Bear hunting and wild camping in Canada.


Check out this excerpt from Steph Jeavons’ new book about her four-year, seven-continent ride around the word, Home By Seven, in which she goes wild camping in Alberta, Canada, and rides Rhonda-the-Honda CRF250L on both dirt trails and smooth tarmac roads.


To read the full story grab a copy of Home by Seven here and to meet Steph in person join us at The Armchair Adventure Festival this September where she will be talking about her world-first, around the world trip!

 

As I sat cradling my coffee and watching the puddles form around my tent next to the lake in the one-horse town of Clearwater, I debated which way to go. I had worked out a rough route before I left but I wasn’t sure if I would have time for it now. It was getting colder already. Still, I had been told by many Canadians that the Icefield Parkway between Jasper and Banff was a ‘must ride’, and so I had to go and see for myself.


The weather was unpredictable as I rode higher into Alberta, along the forest trails and into the Rockies. By the time I reached Jasper the night-time temperatures were reaching minus five Centigrade. This was the coldest I had ever camped at, that I could recall. It wasn't too unpleasant with a decent North Face sleeping bag and my ‘Vernadski’ socks from Antarctica, but the morning was bitter. I snuggled back into my sleeping bag after making my morning coffee on the stove outside and decided any further attempts to get up would have to be postponed until the sun arrived over the surrounding trees. The bear hunting could wait.


Returning to Canada had been a big decision for me, but the last two weeks had been a blast. I had been feeling stronger by the day. All the hard work and spinach back home had paid off and once I got the wheels turning and the blood pumping, I found the remaining aches and pains became much less noticeable.

Snow capped peaks on Steph's frosty ride through The Rockies.

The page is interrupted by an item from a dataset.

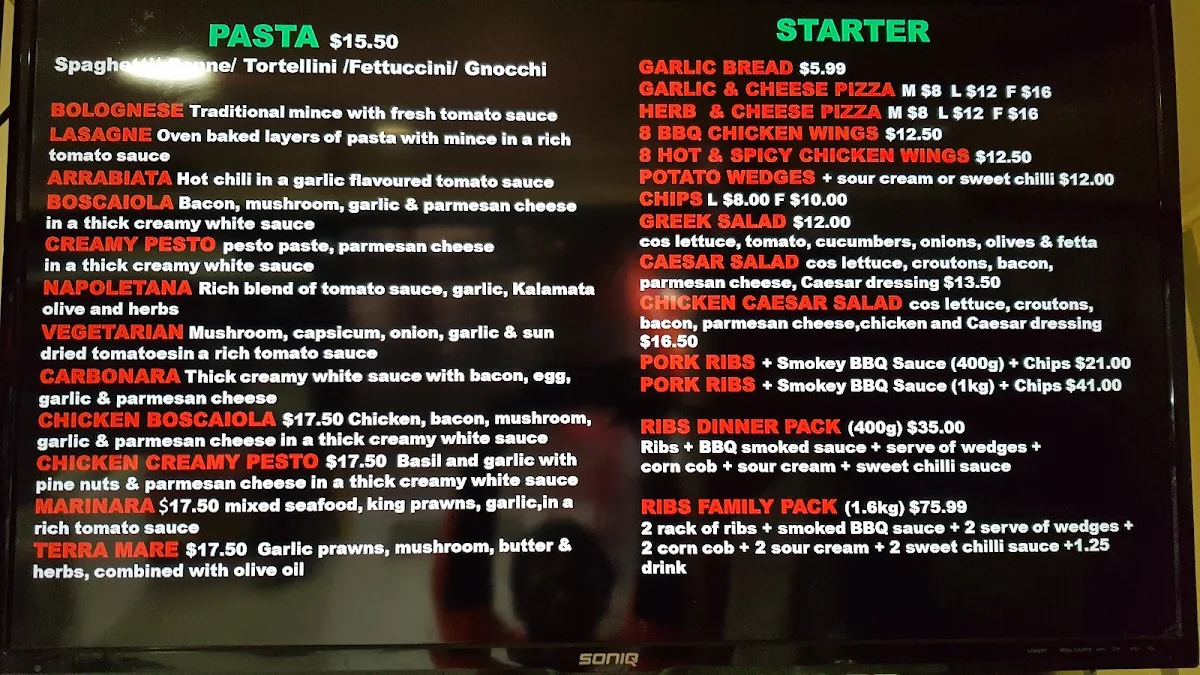 Menu, Hella’s Golden Bite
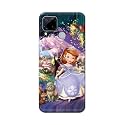 PRINTFIDAA Cartoon Little Girl with Crown and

The Parkway (Highway 93) climbs to an altitude of about two thousand metres and is lined with ancient glaciers, waterfalls and rock spires. There is no wonder it's one of Canada's national treasures. My hands froze but the sun soon warmed me as I stopped for photographs at every corner where a fresh view hijacked my senses and forced me into an admiring gaze once more. There was no denying the beauty of this area. The roads were good too and bears were often to be seen here, apparently, but not by me; only mountain goats and sheep. Still, the threat of bears and cougars while camping all added to the excitement. Every evening I carefully placed my kitchen bag in a tree and huddled into my tent, half expecting to find it torn to shreds in the morning. Nothing. I was almost disappointed.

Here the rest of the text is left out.